Postgraduate Bursary

The Forum for Medieval and Renaissance Studies in Ireland is generously sponsoring a competitive postgraduate bursary (€100) for those traveling from outside of Cork.

To apply for the bursary please email us a short blog post (200-300 words) about any aspect of the relationship between medieval poetry and modern translation by April 7 2014.

MORE GOOD NEWS!

We have just been awarded a generous grant for the conference from the Irish Research Council in addition to funding already awarded by The Society for the Study of Medieval Languages and Literature, University College Cork’s School of English and Information Services Strategic Fund. The Forum for Medieval and Renaissance Studies in Ireland is also generously sponsoring a postgraduate bursary for speakers at the conference.

Irish Research Council  http://www.research.ie

The Society for the Study of Medieval Languages and Literature  http://mediumaevum.modhist.ox.ac.uk/ 

School of English, University College Cork http://www.ucc.ie/english

Information Services Strategic Fund http://www.booleweb.ucc.ie

Forum for Medieval and Renaissance Studies in Ireland http://www.fmrsi.wordpress.com 

NEWS!!!!

Poetry event

To conclude the conference we are hosting a poetry reading featuring a number of leading academic and literary translators. This public event will allow a modern audience to experience some of the most accessible and accomplished translations of recent decades. As many of the original texts were composed to be recited orally and enjoyed as part of a communal experience, this event offers a great opportunity to hear the translations performed as intended. It will serve as a fitting end to a conference that is concerned with remediation and the dialogue between poets and academics, and will allow for a greater appreciation of the relationship between the original material, the investigator, the interpreter and the contemporary audience.

Plenary speakers

Confirmed speakers include Professor Hugh Magennis (Queen’s University Belfast), Dr Carolyne Larrington (University of Oxford), Dr Chris Jones (University of St Andrew’s) and Dr Heather O’Donoghue (University of Oxford), as well as the acclaimed poets Bernard O’Donoghue, Trevor Joyce and Eamon Carr.

CFP

From eald to new: Translating early medieval poetry for the 21st century 

 6 – 7 June 2014

School of English, University College Cork 

In recent years, the shelves of commercial bookshops have been graced with accessible translations of medieval poetry from the Old English, Old Irish and Old Norse traditions, including Heaney’s award-winning rendition of Beowulf. Many of these reworkings give a contemporary flavour and immediacy to medieval texts, and they are increasingly being adopted for introductory courses on medieval literature. But what place do literary translations have in the academy, and should they be taught as creative works in their own right? How are the latest translations adapting to the needs of students and teachers? What exactly do we lose, and gain, in the translation of medieval texts?

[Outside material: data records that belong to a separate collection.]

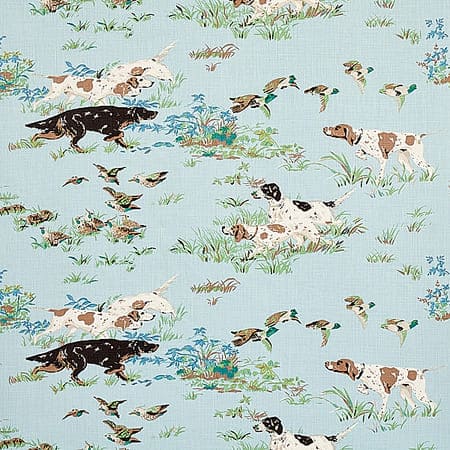 175161 POINTERS Sky Schumacher Fabric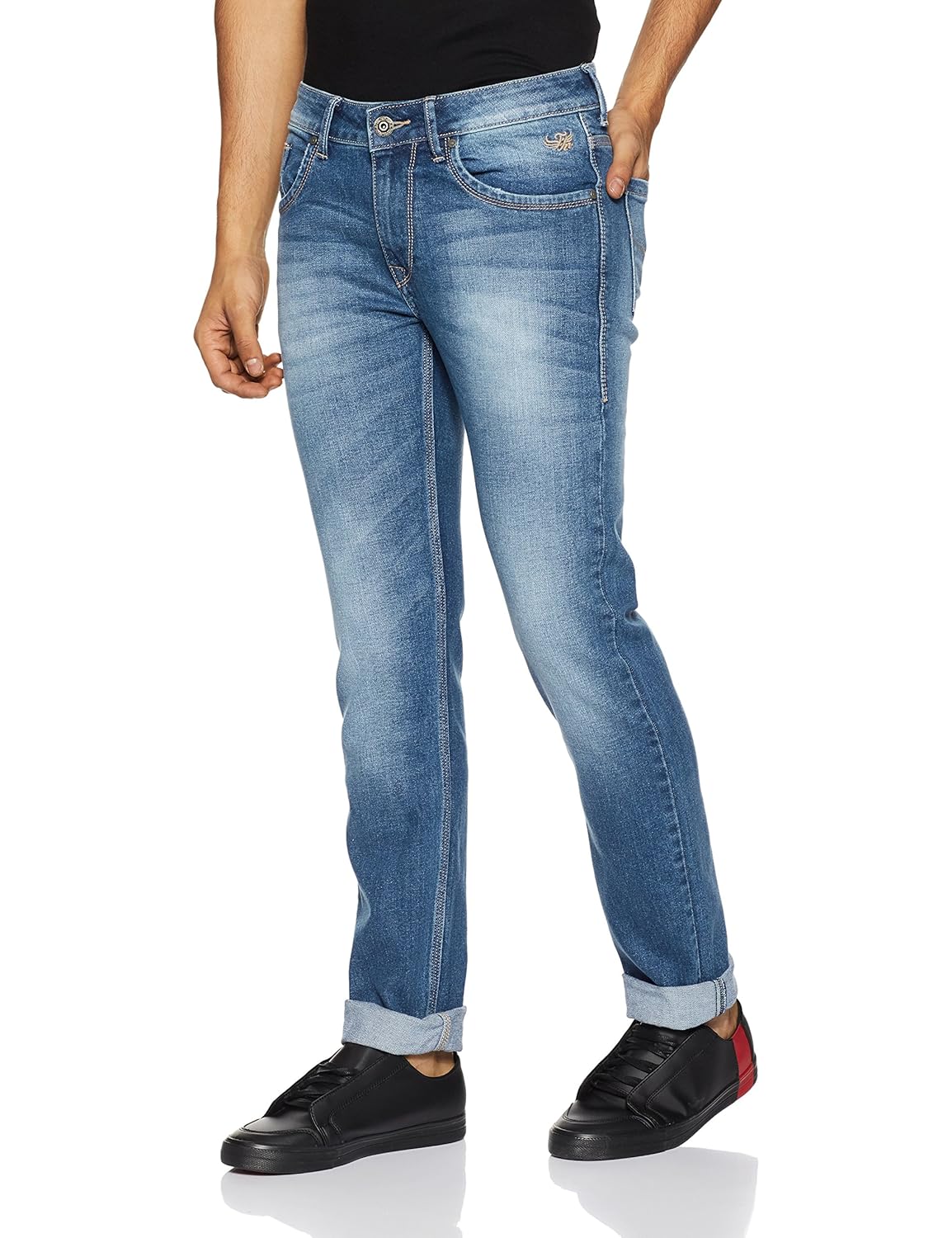 flying machine men's tapered fit jeans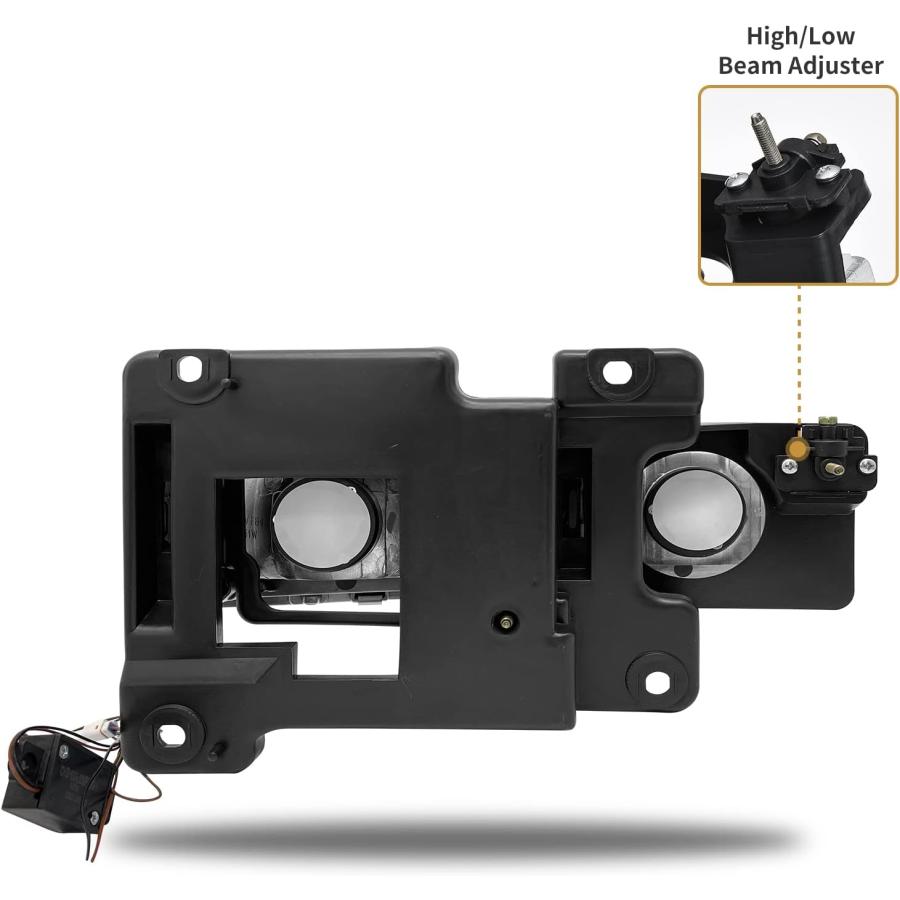 【並行輸入品】AS Led headlights assembly for 1988-1998 Chevy GMC C/K C10 Sierra Siの画像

This conference will explore the ideology of translation, the subtleties of the translation process, and the teaching of translation in modern university settings in relation to memory, adaptation and remediation. It will examine the cultural and historical inflection of individual translations, the ways in which the student’s experience of medieval literature is affected by the translation adopted for study, and the particular challenges related to the translation and reception of early medieval vernacular poetry.

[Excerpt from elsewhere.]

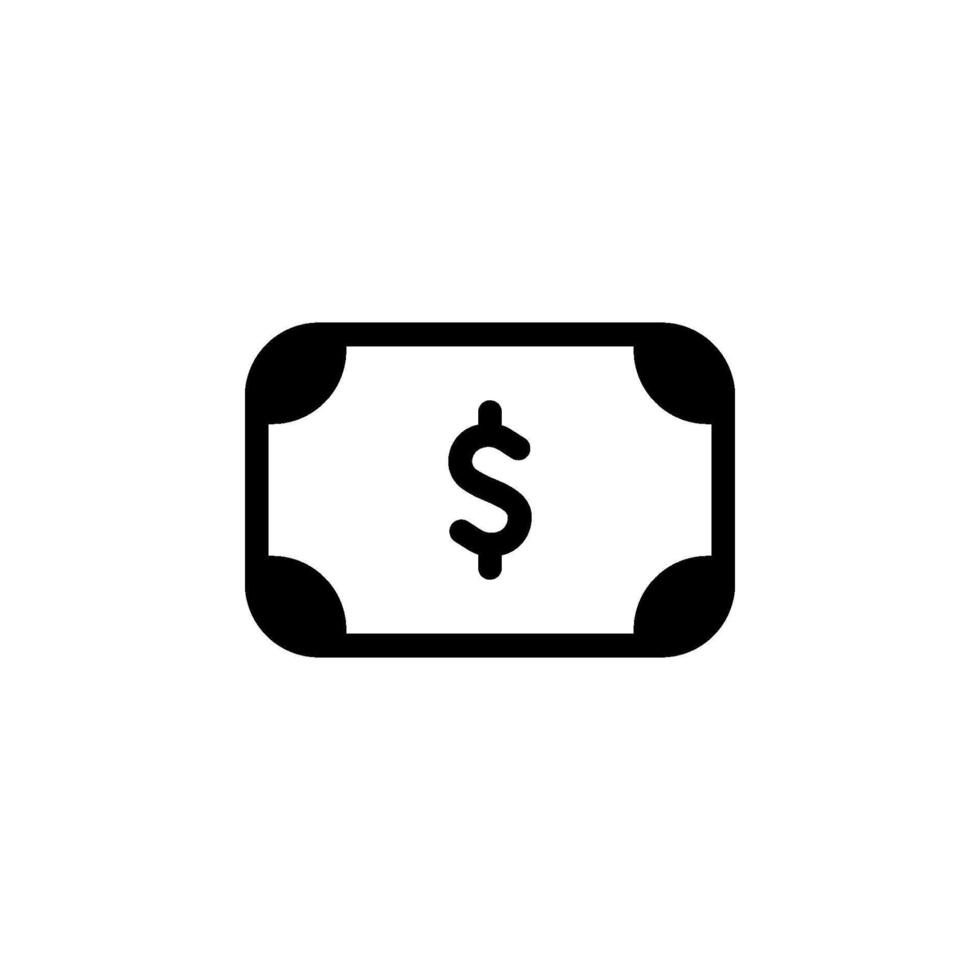 Dollar bill icon. Perfect for use in web design, mobile apps, presentations, and more. Represents money, finance, payment, and currency vector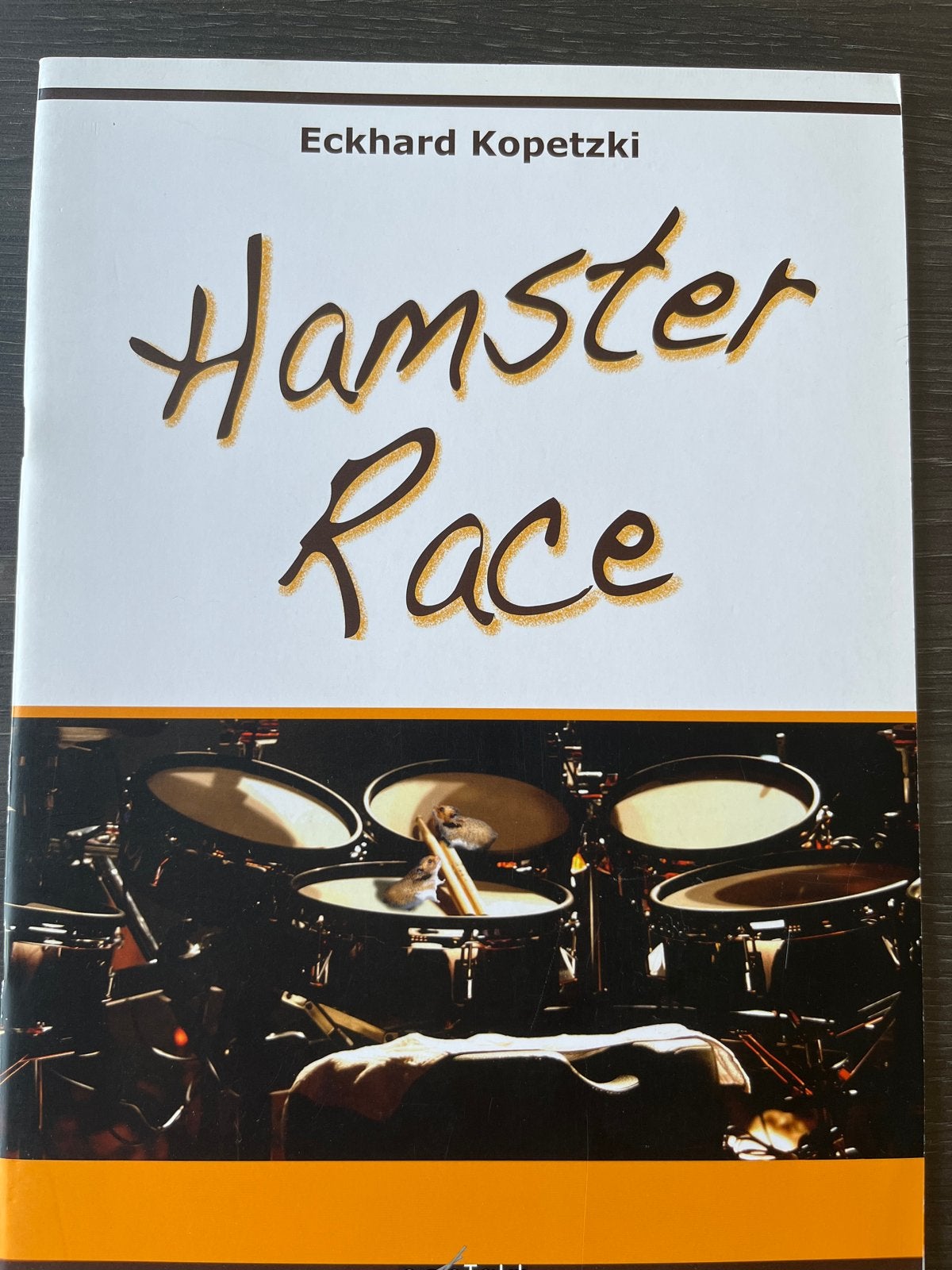 Hamster Race - Eckhard Kopetzki - Percussie Boek, Overige genres, Drums of Percussie, Les of Cursus, Nieuw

We invite abstracts for 20 minute papers from both individuals and panels. Abstracts of approx. 250 words should be emailed to Dr Tom Birkett or Dr Kirsty March at ealdtonew2014@ucc.ie.

Topics may include:

  • Audience, cultural specificity and local idiom
  • The meeting place of literary and academic translations
  • Past translations, constraints of precedence, and suppression of difference
  • Ideas of ownership, authorship and canonicity
  • Teaching the translation of medieval languages in the academy
  • Problematic poetry: translating verse forms, metrics, poetic language
  • The potential of new media to change our relationship to the translated text
  • Translation theory applied to medieval texts

The closing date is 15 December 2013

This conference is kindly supported by an Irish Research Council New Foundations Grant, The Society for the Study of Medieval Languages and Literature (SSMLL), The School of English UCC, and the Information Services Strategic Fund, UCC. A graduate travel bursary was kindly provided by the Forum for Medieval and Renaissance Studies in Ireland.